STUDY MATERIAL Start Marker

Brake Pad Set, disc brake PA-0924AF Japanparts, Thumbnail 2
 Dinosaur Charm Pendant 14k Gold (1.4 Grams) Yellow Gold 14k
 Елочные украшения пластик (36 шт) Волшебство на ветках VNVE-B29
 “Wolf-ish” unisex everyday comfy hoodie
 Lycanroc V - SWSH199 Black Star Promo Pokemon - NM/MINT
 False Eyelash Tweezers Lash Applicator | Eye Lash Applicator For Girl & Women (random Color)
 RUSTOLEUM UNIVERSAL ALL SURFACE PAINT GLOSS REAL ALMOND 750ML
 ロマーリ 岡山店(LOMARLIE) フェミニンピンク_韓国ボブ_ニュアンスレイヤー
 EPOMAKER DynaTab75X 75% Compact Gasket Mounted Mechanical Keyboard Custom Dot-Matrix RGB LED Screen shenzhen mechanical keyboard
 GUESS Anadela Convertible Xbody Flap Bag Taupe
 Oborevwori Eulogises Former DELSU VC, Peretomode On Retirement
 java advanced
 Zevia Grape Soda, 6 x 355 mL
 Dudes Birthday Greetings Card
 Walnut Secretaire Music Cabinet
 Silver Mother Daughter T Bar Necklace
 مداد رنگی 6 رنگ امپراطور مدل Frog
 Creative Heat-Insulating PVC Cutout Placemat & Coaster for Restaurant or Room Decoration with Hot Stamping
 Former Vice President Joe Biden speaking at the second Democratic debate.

STUDY MATERIAL End Marker

• PROBLEM:
Output every record verbatim.

• TASK ANSWER:
Brake Pad Set, disc brake PA-0924AF Japanparts, Thumbnail 2
 Dinosaur Charm Pendant 14k Gold (1.4 Grams) Yellow Gold 14k
 Елочные украшения пластик (36 шт) Волшебство на ветках VNVE-B29
 “Wolf-ish” unisex everyday comfy hoodie
 Lycanroc V - SWSH199 Black Star Promo Pokemon - NM/MINT
 False Eyelash Tweezers Lash Applicator | Eye Lash Applicator For Girl & Women (random Color)
 RUSTOLEUM UNIVERSAL ALL SURFACE PAINT GLOSS REAL ALMOND 750ML
 ロマーリ 岡山店(LOMARLIE) フェミニンピンク_韓国ボブ_ニュアンスレイヤー
 EPOMAKER DynaTab75X 75% Compact Gasket Mounted Mechanical Keyboard Custom Dot-Matrix RGB LED Screen shenzhen mechanical keyboard
 GUESS Anadela Convertible Xbody Flap Bag Taupe
 Oborevwori Eulogises Former DELSU VC, Peretomode On Retirement
 java advanced
 Zevia Grape Soda, 6 x 355 mL
 Dudes Birthday Greetings Card
 Walnut Secretaire Music Cabinet
 Silver Mother Daughter T Bar Necklace
 مداد رنگی 6 رنگ امپراطور مدل Frog
 Creative Heat-Insulating PVC Cutout Placemat & Coaster for Restaurant or Room Decoration with Hot Stamping
 Former Vice President Joe Biden speaking at the second Democratic debate.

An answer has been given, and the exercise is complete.